## Records for the exercise
--------------------------------

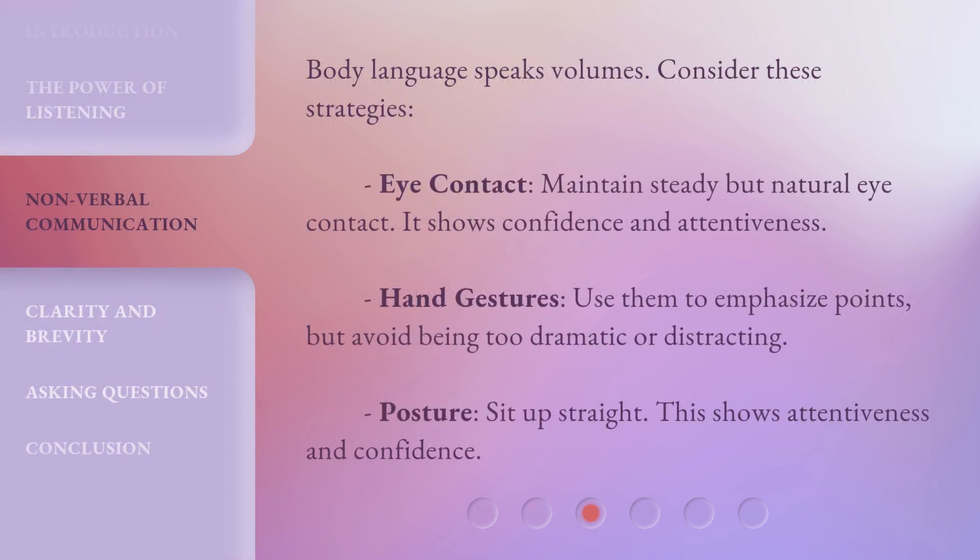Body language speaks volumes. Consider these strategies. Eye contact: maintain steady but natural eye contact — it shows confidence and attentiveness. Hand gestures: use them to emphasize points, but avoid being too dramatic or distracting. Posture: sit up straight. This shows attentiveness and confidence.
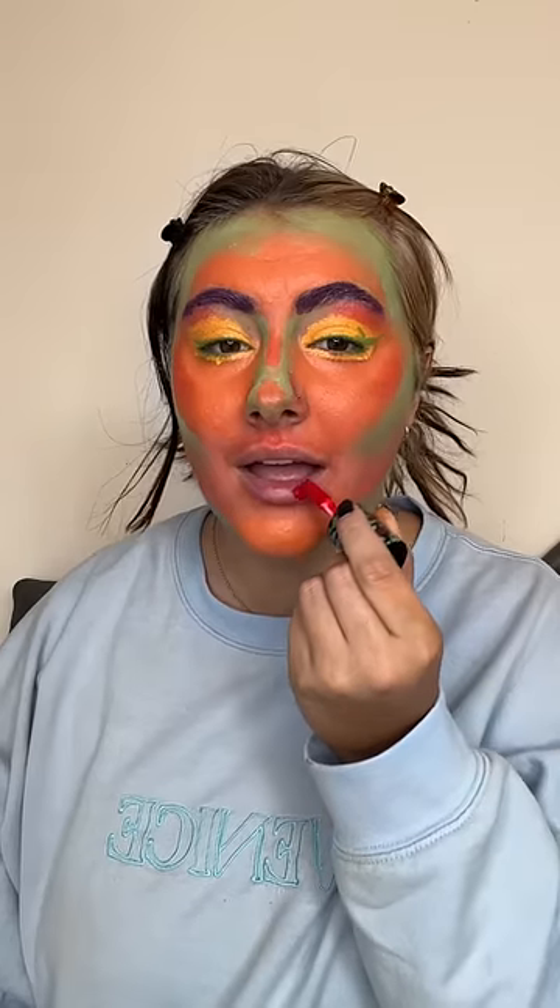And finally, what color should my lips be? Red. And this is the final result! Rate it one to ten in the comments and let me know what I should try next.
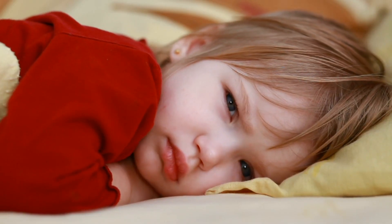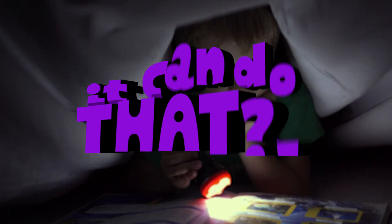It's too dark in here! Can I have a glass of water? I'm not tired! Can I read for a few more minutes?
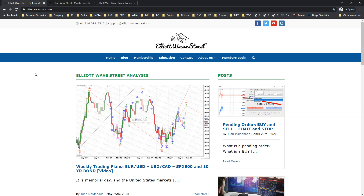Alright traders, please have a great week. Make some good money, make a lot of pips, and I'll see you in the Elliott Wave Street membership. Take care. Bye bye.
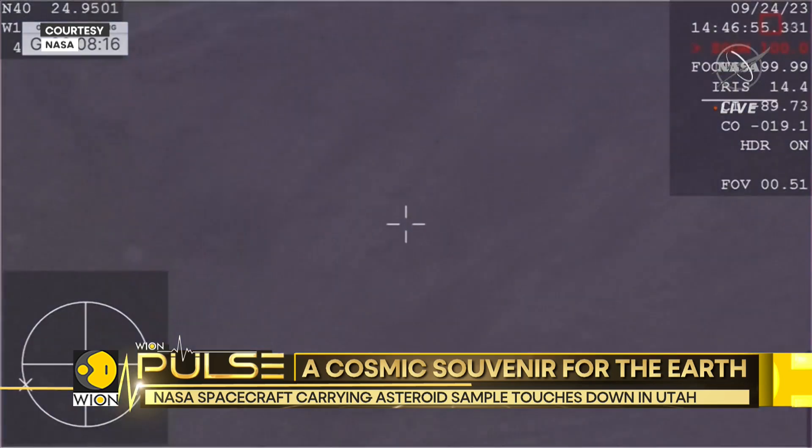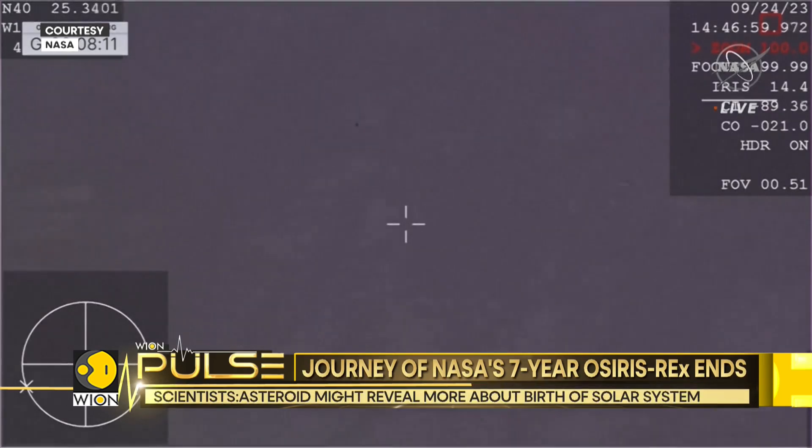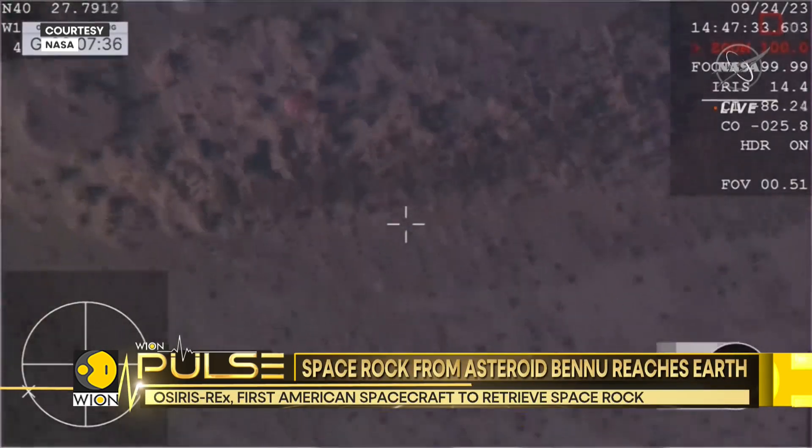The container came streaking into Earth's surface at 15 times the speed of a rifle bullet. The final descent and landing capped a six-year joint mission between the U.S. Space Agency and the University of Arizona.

--------------------------------

## Brief
Copy out the records exactly. Do not include the pictures.

## Solution to this exercise
Body language speaks volumes. Consider these strategies. Eye contact: maintain steady but natural eye contact — it shows confidence and attentiveness. Hand gestures: use them to emphasize points, but avoid being too dramatic or distracting. Posture: sit up straight. This shows attentiveness and confidence.
And finally, what color should my lips be? Red. And this is the final result! Rate it one to ten in the comments and let me know what I should try next.
It's too dark in here! Can I have a glass of water? I'm not tired! Can I read for a few more minutes?
Alright traders, please have a great week. Make some good money, make a lot of pips, and I'll see you in the Elliott Wave Street membership. Take care. Bye bye.
The container came streaking into Earth's surface at 15 times the speed of a rifle bullet. The final descent and landing capped a six-year joint mission between the U.S. Space Agency and the University of Arizona.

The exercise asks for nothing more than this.